Profiles in Leadership—Paying Your Vows—April 30, 2017

Vol. 2, No. 18 – 2017Promises

I have made a vow to the Lord and I cannot take it back. Judges 11:35

When is the last time you made a vow? The greatest vow of my life is one I made to God regarding my life to Him. Another vow I made was 54 years ago as I stood with my lovely bride before God, the preacher, and all those attending the wedding. I have kept those vows, and they remain precious (as does my wife) for all those years. The keeping of vows is a sacred duty.

Leaders often make vows before the one(s) they are to be accountable. At times, a leader comes to a place where they do not want to keep a specific vow; it is inconvenient, hard, not the best time, there are few resources, or some other excuse that seems appropriate for their use.

Jephthah trained a hapless group of jobless, uneducated, and ill-fit men for 18 years, developing them to be following leaders and functioning warriors.

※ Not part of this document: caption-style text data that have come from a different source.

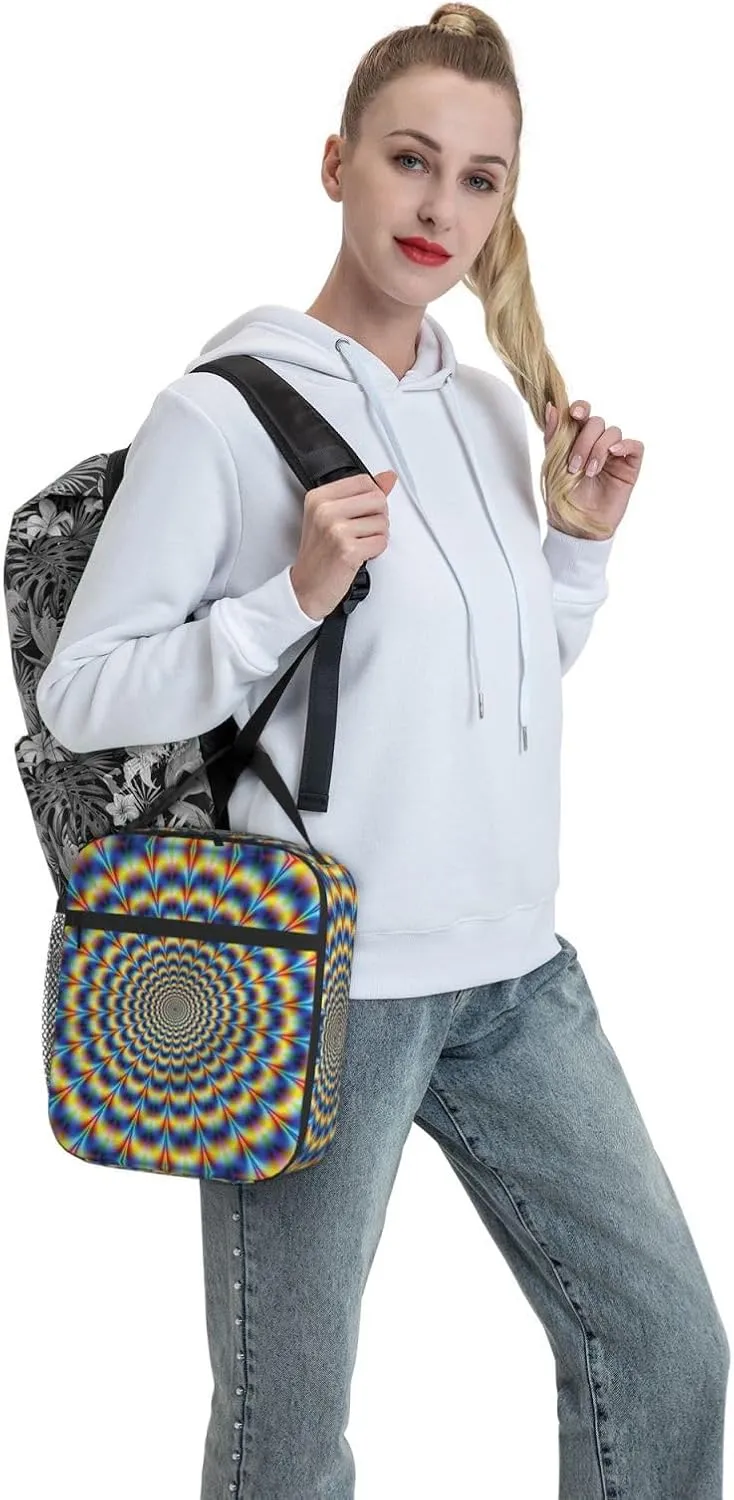 Spiral Optical Illusion Gif Portable Insulated Lunch Box For Men Women Lunch Bag Suitable For Outings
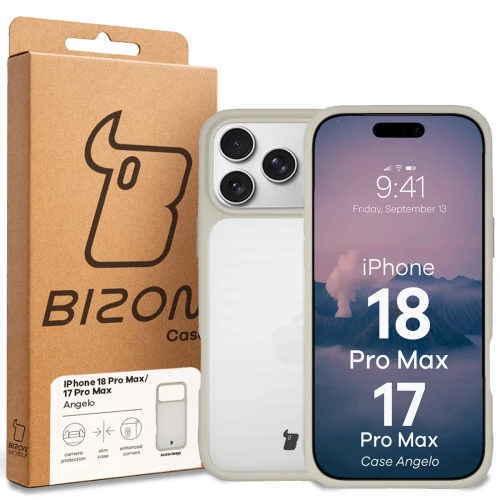 Etui Bizon Case Angelo do iPhone 18 Pro Max / 17 Pro Max, półprzezroczyste z beżową ramką (6/6)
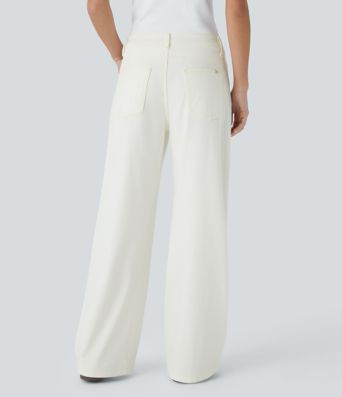 Halara Flex™ Low Rise Zipper Pockets Washed Baggy Wide Leg Casual Jeans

Jephthah would not make the list of select leaders today. He was an illegitimate son who was cast out of his home. He is not embittered; he develops into a God-fearing leader. Although he did not seek the eyes of others, there came a delegation from Gilead to enlist him to be their commander against the Ammonite warriors.

He gained a great victory, yet there was a situation. He had made a vow before God–his ultimate authority. The vow?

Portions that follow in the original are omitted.